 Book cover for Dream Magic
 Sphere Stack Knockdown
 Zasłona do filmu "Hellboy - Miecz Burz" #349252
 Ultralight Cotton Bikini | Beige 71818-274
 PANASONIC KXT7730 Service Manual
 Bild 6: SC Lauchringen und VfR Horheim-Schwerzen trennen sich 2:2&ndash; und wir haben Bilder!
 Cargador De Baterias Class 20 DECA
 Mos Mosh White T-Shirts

******

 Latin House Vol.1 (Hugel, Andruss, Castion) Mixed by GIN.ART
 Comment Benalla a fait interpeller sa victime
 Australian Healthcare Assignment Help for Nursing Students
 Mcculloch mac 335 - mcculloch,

******

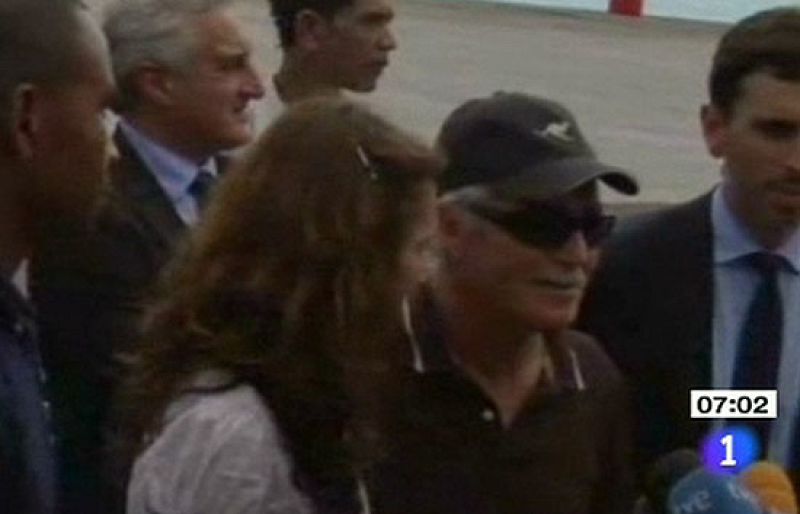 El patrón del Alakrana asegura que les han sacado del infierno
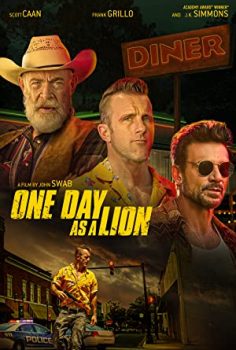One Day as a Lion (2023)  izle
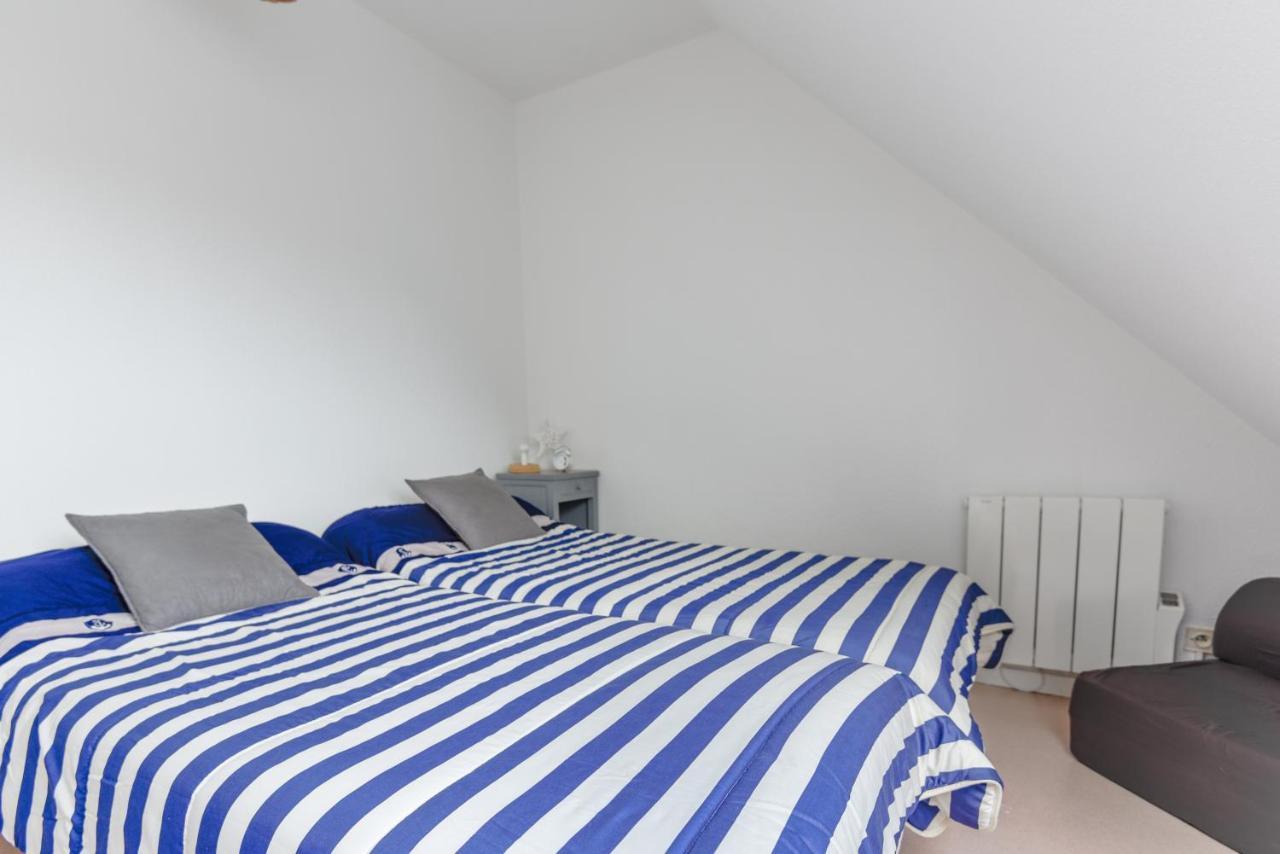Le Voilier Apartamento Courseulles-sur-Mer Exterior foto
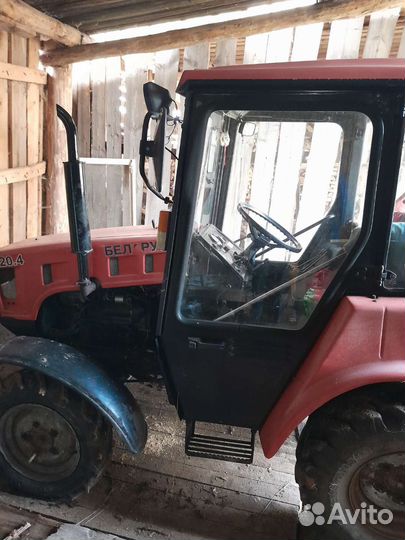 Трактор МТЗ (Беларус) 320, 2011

******

Return only the lines between the one holding "Australian Healthcare Assignment" and the one holding "Mcculloch mac 335", inclusive, exactly as they appear above.

 Australian Healthcare Assignment Help for Nursing Students
 Mcculloch mac 335 - mcculloch,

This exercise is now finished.